▶ **WHAT IS REQUIRED**:
What is needed is a word-for-word copy of the listing below, without pictures.

▶ **MATERIAL PROVIDED**:
════════

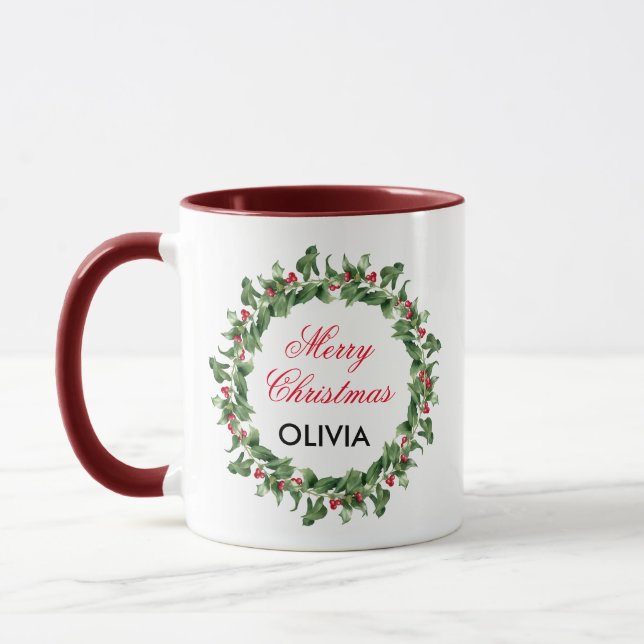 Mug Berry Rouge personnalisé Noël Holly (Gauche)
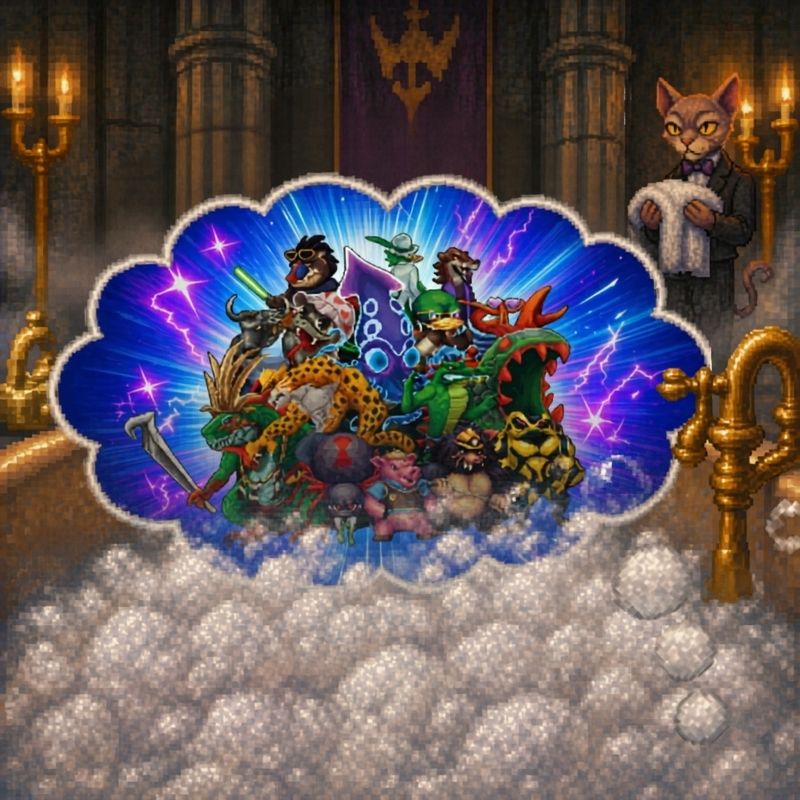 16-bit pixel art — The Final Boss lounging in an ornate marble bubble bath, smashing two miniboss action figures together above the suds like a spoiled child playing war
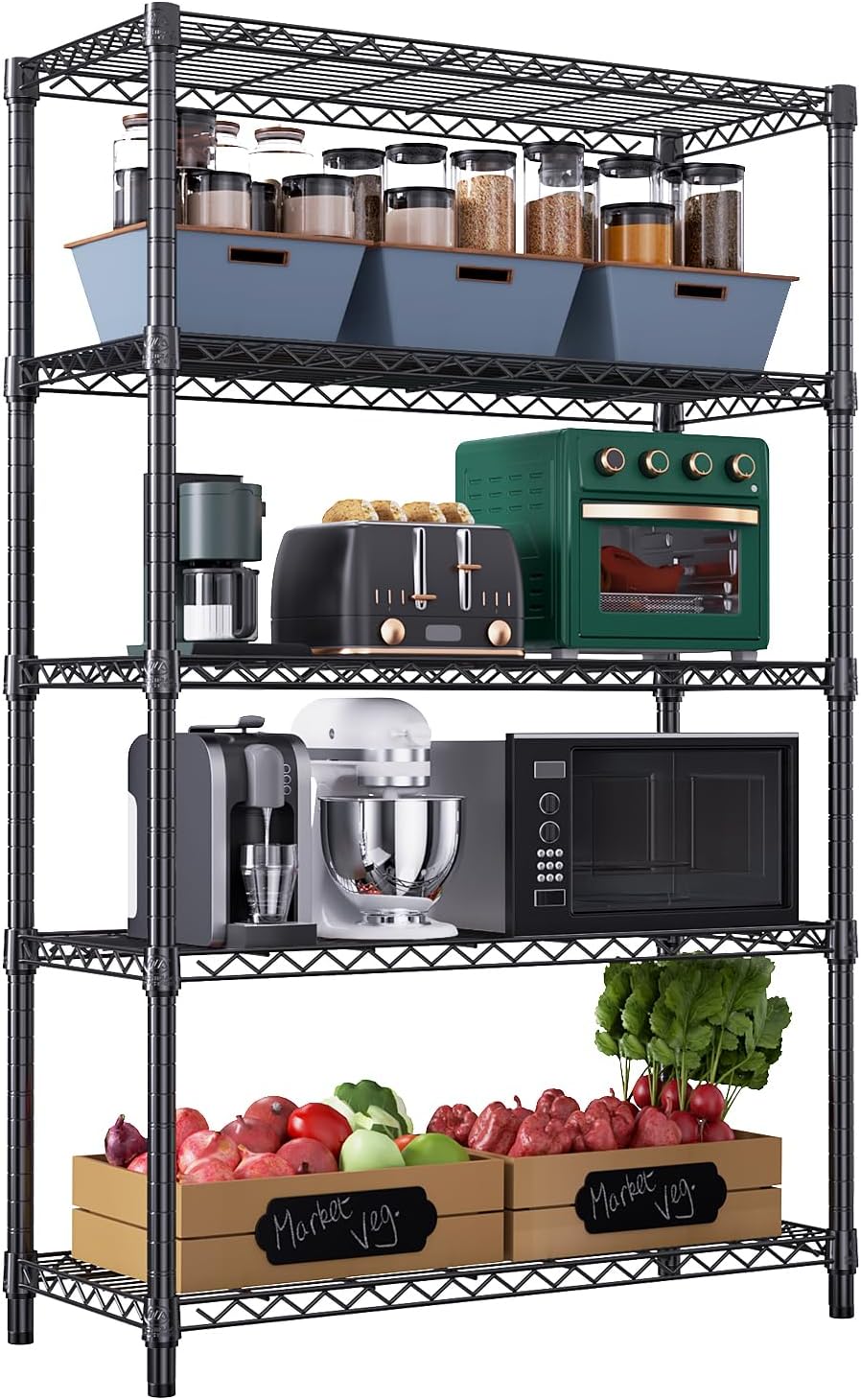 M MZG 1750 lbs Steel Storage Shelving 5-Tier Utility Shelving Unit Steel Organizer Wire Rack for Home, Kitchen, Office, Garage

════════

▶ **TASK RESULT**:
 Mug Berry Rouge personnalisé Noël Holly (Gauche)
 16-bit pixel art — The Final Boss lounging in an ornate marble bubble bath, smashing two miniboss action figures together above the suds like a spoiled child playing war
 M MZG 1750 lbs Steel Storage Shelving 5-Tier Utility Shelving Unit Steel Organizer Wire Rack for Home, Kitchen, Office, Garage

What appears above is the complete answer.